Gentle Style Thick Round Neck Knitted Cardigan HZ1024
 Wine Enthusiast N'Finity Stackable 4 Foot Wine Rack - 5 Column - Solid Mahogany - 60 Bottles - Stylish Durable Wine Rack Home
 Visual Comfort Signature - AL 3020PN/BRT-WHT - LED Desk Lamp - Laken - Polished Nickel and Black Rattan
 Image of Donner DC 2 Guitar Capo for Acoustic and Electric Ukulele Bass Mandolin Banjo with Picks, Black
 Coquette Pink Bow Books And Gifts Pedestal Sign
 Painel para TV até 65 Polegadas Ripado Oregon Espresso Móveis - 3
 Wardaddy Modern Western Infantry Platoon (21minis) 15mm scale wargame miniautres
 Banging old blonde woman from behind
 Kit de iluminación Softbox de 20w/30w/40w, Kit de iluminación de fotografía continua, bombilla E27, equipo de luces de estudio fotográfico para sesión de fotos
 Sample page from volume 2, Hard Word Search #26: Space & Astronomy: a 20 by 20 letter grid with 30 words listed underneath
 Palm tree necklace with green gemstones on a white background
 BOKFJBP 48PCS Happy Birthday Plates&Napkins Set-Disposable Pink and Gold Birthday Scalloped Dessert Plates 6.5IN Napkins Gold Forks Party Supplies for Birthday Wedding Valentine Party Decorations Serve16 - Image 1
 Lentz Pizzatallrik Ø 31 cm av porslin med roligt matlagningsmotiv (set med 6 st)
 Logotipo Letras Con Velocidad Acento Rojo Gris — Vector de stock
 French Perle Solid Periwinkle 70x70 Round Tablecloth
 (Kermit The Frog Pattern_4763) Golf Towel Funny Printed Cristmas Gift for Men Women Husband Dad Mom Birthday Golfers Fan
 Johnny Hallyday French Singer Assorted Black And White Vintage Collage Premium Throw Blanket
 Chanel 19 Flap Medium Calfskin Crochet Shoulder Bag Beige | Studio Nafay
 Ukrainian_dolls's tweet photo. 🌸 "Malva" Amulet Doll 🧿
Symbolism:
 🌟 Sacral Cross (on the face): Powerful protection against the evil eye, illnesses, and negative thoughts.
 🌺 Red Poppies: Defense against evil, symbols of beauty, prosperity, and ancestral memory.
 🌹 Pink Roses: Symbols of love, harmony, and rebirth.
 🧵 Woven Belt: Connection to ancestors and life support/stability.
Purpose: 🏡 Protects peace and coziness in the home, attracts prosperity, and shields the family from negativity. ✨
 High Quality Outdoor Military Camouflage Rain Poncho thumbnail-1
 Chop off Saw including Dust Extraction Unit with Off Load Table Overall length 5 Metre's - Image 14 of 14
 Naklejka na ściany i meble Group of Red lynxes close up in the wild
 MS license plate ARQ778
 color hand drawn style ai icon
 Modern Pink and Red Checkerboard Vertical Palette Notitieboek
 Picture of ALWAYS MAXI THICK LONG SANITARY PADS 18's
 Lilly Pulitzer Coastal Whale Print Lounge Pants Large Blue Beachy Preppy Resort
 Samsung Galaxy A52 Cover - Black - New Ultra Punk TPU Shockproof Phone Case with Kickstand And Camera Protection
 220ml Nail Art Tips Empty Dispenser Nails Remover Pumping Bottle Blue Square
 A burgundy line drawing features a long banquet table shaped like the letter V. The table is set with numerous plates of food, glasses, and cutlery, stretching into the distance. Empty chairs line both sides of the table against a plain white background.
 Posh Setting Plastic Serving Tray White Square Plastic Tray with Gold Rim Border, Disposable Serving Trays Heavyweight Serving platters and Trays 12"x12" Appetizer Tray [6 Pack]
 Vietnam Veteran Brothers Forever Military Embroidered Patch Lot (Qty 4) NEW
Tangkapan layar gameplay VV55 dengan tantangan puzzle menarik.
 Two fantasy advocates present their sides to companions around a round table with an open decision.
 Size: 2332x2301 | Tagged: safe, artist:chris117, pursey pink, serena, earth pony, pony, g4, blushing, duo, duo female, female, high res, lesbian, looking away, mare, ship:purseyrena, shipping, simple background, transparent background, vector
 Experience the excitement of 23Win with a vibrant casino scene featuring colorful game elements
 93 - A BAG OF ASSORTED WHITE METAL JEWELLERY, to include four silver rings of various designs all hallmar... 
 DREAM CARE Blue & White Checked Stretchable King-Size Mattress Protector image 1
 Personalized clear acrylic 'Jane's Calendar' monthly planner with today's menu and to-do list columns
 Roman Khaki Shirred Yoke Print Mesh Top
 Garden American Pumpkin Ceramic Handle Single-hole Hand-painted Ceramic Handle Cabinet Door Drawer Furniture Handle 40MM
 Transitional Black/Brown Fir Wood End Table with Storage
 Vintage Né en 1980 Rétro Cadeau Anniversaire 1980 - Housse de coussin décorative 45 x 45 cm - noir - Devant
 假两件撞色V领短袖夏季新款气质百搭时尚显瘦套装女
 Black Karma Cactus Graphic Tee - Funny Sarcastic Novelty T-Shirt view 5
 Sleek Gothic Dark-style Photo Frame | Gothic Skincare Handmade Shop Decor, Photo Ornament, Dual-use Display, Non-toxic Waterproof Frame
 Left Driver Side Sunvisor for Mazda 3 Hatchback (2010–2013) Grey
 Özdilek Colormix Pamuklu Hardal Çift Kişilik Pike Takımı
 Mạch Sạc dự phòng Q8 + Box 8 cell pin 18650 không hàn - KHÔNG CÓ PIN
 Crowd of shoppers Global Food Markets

______________________________

> _Work item_
Using the listing above, locate the lines that hold "sides" and copy each one.

> _Expected answer_
 A burgundy line drawing features a long banquet table shaped like the letter V. The table is set with numerous plates of food, glasses, and cutlery, stretching into the distance. Empty chairs line both sides of the table against a plain white background.
 Two fantasy advocates present their sides to companions around a round table with an open decision.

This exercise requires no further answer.